While most folks aren't at the scale of cloud giants or black hole research teams that analyze Petabytes of data every day, you can easily fall into a situation where your laptop doesn't have quite enough power to do the analytics you need.

"Big data" refers to any data that is too large to handle comfortably with your current tools and infrastructure. As the leading language for data science, Python has many mature options that allow you to work with datasets that are orders of magnitudes larger than what can fit into a typical laptop's memory.

In this hands-on tutorial, you will learn the fundamentals of analyzing massive datasets with real-world examples on actual powerful machines on a public cloud – starting from how the data is stored and read, to how it is processed and visualized.

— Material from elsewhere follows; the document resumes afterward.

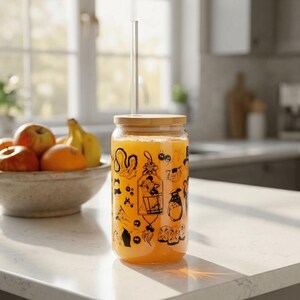 May include: A clear glass tumbler filled with orange liquid, featuring black line art illustrations of various animated characters. The glass has a bamboo lid and a straight clear glass straw inserted through the center of the lid.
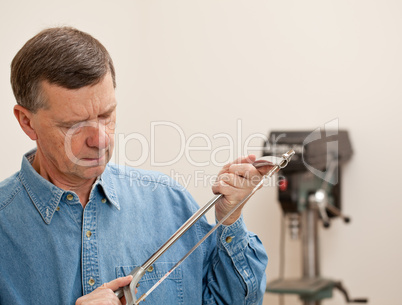 Senior man holding a metal saw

You will understand how large-scale analysis differs from local workflows, the unique challenges associated with scale, and some best practices to work productively with your data. By the end, you will be able to answer:

What makes some data formats more efficient at scale? Why, how, and when (and when not) to leverage parallel and distributed computation (primarily with Dask) for your work? How to manage cloud storage, resources, and costs effectively? How interactive visualization can make large and complex data more understandable (primarily with hvPlot)? How to comfortably collaborate on data science projects with your entire team?

The tutorial focuses on the reasoning, intuition, and best practices around big data workflows, while covering the practical details of Python libraries like Dask and hvPlot that are great at handling large data. It includes plenty of exercises to help you build a foundational understanding within three hours.